A body weighing 400 g is tied to a rod 0.5 m long, which turns in a vertical plane.

A body weighing 400 g is tied to a rod 0.5 m long, which turns in a vertical plane. The rod breaks at a pulling force of 9N. At what angular velocity will the rod break?

l = 0.5 m.

m = 400 g = 0.4 kg.

g = 10 m / s2.

F = 9 N.

w -?

When the load rotates in the vertical plane, the maximum load on the bar will be at the lowest point of the trajectory.

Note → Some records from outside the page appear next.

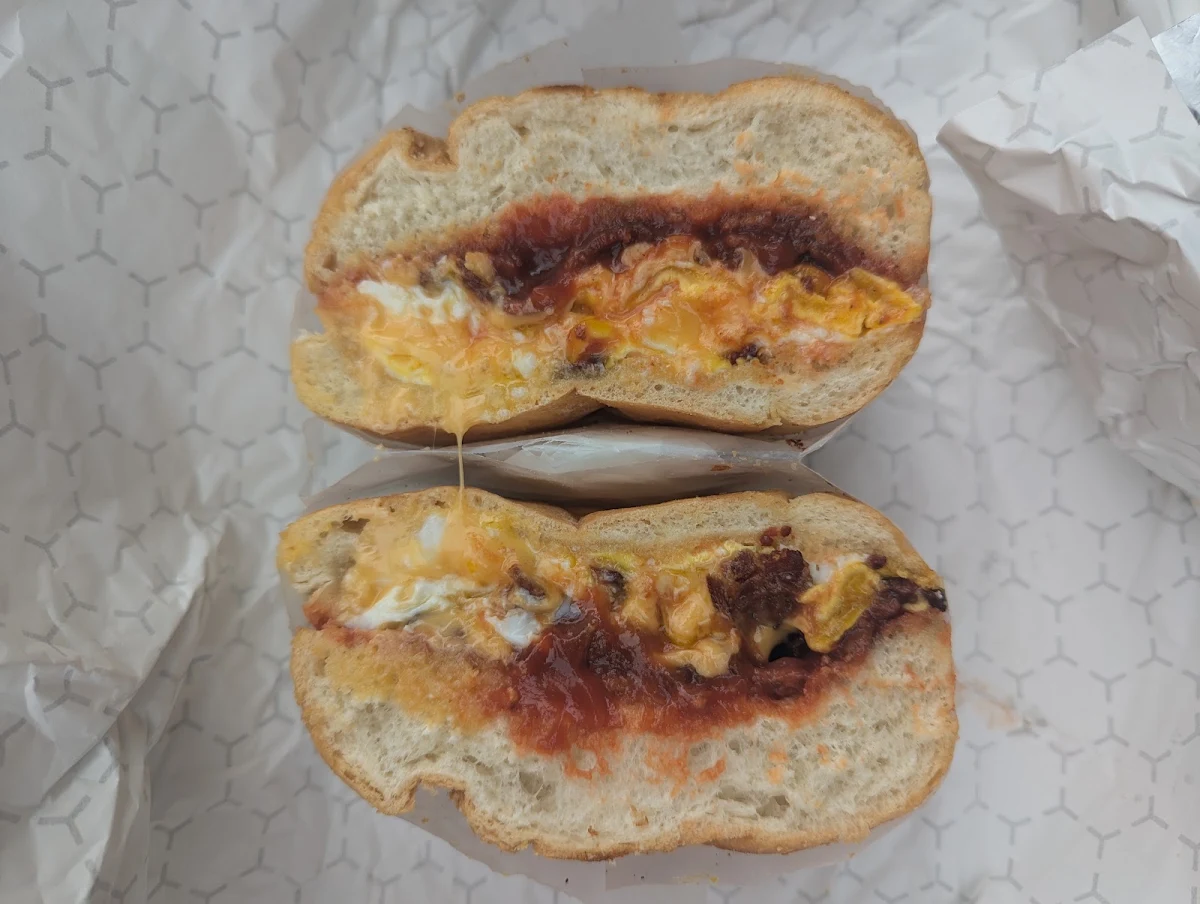 Bec Sandwich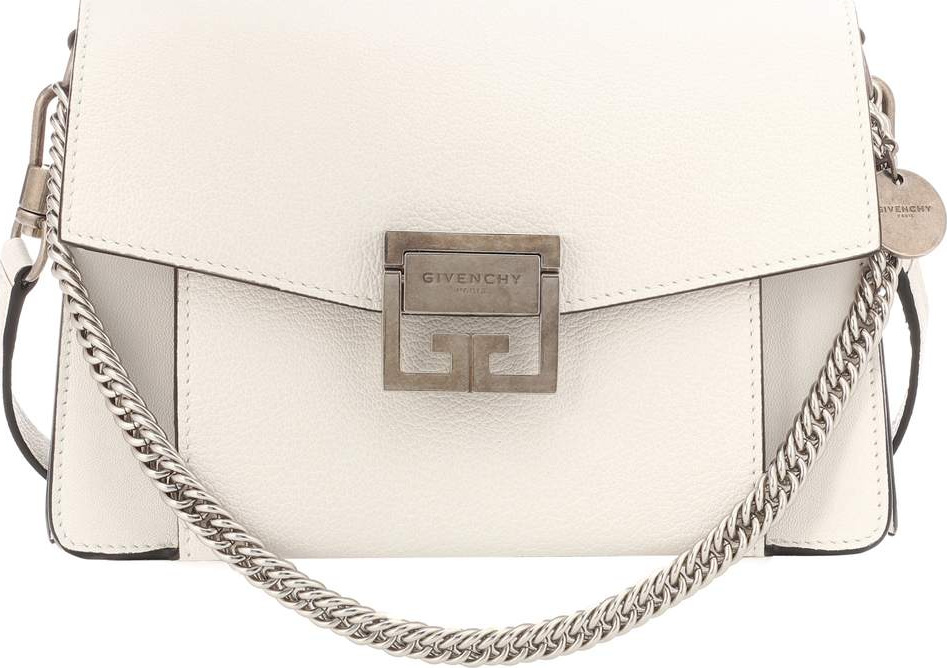 Givenchy Small GV3 leather shoulder bag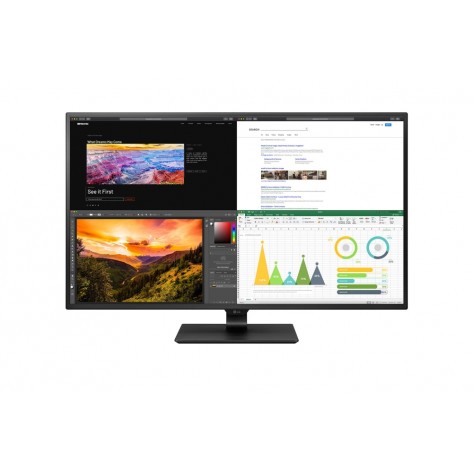 Монитор LG 43UN700P-B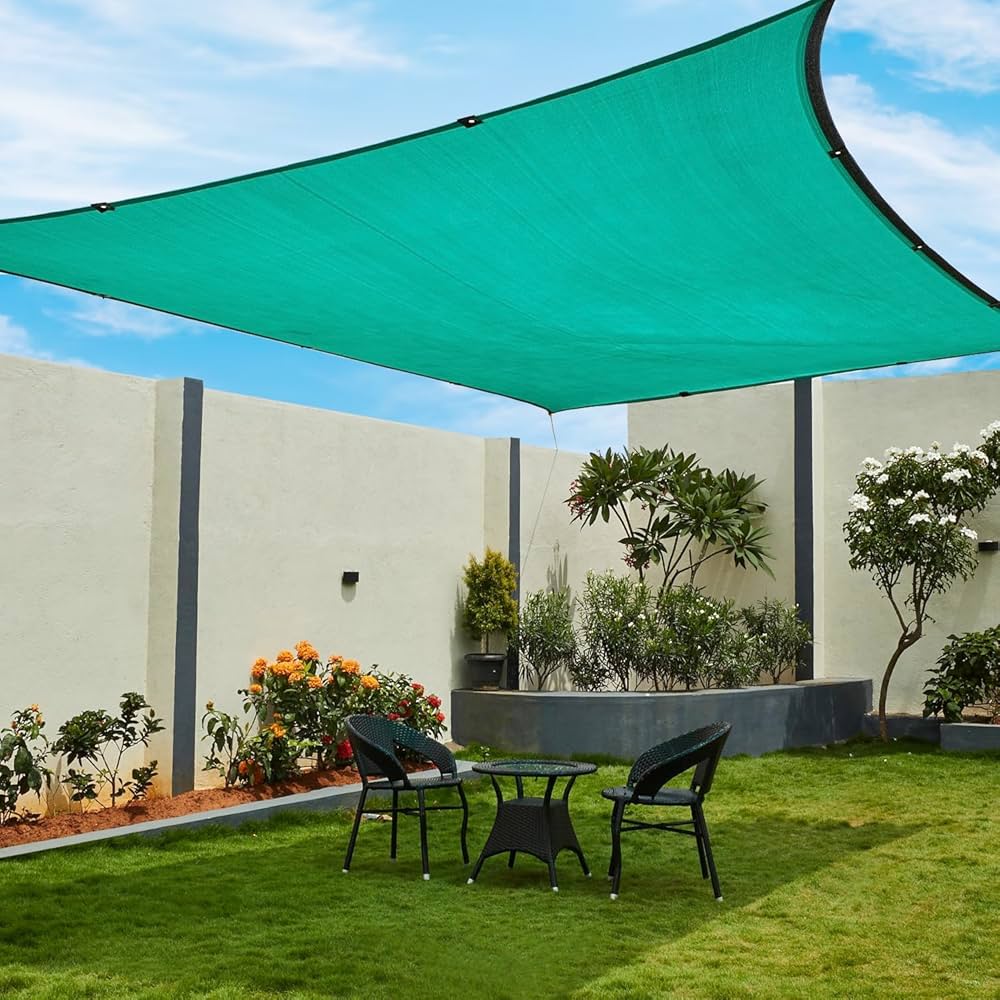 Green Shade Net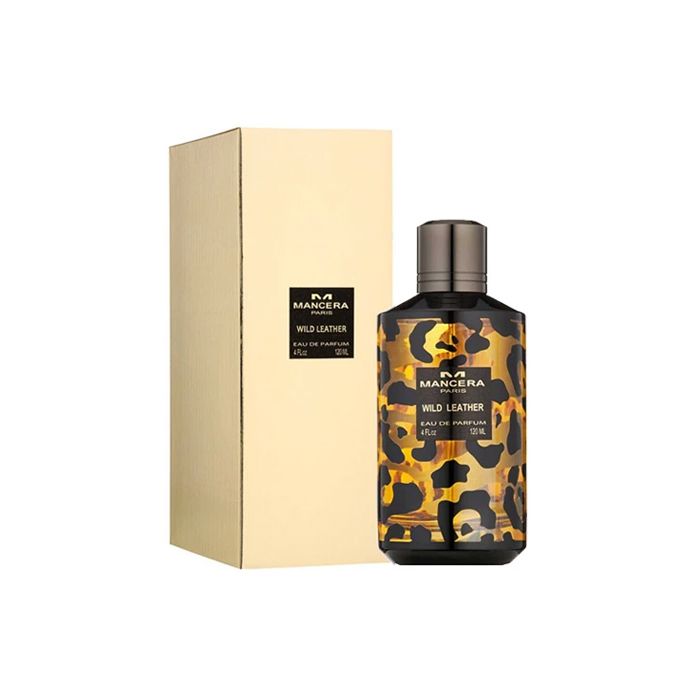 mancera wild leather edp 120ml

The maximum force with which the load acts on the rod is expressed by the formula: F = m * (g + a), where m is the mass of the load, g is the acceleration of gravity, a is the acceleration with which the rod is rotated.

We express the centripetal acceleration a by the formula: a = V ^ 2 / l, where V is the rotation speed, l is the radius of the circle, in our case the length of the rod.

The linear velocity V is related to the angular w by the formula: V = w * l.

a = V ^ 2 / l = (w * l) 2 / l = w2 * l.

F = m * (g + w ^ 2 * l).

w ^ 2 * l = F / m – g.

w = √ (F / m * l – g / l).

w = √ (9 N / 0.4 kg * 0.5 m – 10 m / s2 / 0.5 m) = 5 rad / s.

Answer: the rod will break at an angular velocity w = 5 rad / s.